I am given a proof of the following property:
The only left coset of $H$ which is a subgroup of $G$ is $H$ itself.
The brief proof is based on the following properties:
1) $xH = H \iff x\in h$
2) $xH \cap yH =xH$ or $\varnothing$
I understand the proofs of the two above properties. Now the given proof of the coset/subgroup property goes as follows:
Since $e\in H$, $e\not \in gH$ for all $g \in G$ and $g\not \in H$ by properties 1 and 2.
$\therefore$ no coset of $H$ besides H contains $e$, the unique identity in $G$.
$\therefore H $ is the only coset of $H$ which is a subgroup of $G$.

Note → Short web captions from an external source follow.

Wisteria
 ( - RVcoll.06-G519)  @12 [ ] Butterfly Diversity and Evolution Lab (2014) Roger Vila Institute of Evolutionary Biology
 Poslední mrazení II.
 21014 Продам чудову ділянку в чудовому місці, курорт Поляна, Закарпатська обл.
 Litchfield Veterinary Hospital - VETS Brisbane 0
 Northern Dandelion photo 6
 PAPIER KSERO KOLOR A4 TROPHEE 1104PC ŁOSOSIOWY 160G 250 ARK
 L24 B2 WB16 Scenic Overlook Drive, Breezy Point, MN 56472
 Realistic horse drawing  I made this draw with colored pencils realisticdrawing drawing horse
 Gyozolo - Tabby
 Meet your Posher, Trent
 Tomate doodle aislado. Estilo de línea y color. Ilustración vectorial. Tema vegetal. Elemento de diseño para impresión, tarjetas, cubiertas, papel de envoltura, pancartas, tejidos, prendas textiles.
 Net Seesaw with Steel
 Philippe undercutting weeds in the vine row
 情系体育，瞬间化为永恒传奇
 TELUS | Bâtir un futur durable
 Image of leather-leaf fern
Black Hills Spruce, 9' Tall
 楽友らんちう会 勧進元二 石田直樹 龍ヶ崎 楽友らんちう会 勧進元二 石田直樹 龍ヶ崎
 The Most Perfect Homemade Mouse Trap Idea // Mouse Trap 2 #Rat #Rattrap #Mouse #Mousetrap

I don't understand what is going on in the first line, it seems that they're trying to find cosets in which the identity from $H$ will not be present. The second line makes sense, it seems relatively obvious to me, though I assume it is based off of the first line… As for the third line it seems like they are 'magically' jumping to it, though I assume that may be because of my lack of understanding of the first line.
So, what is happening in this proof?
Best Answer
As a subgroup of $G$, "the identity of $H$" is the identity of $G$, namely $e$. Remember, every subgroup is a group in its own right, but also contains the identity of the larger group (as its own identity element).
Indeed, it is. I'll explain both lines, starting from the first.
Note that $e \in H$, so by property $1$ we have $eH = H$. Next, if $L$ is any other coset, then by property $2$, we have $L \cap H = \emptyset$. In other words, $e \notin L$. This is what the second line is saying in words : " no coset of $H$ besides $H$ contains $e$, the unique identity of $G$".
As I mentioned earlier, every subgroup of $G$ contains the identity element of $G$, so every coset other than $H$ doesn't have the identity so cannot be a subgroup!
This leaves $H$ as the only option, but we know that it is a subgroup, so the conclusion is that it is the only coset that is a subgroup as well.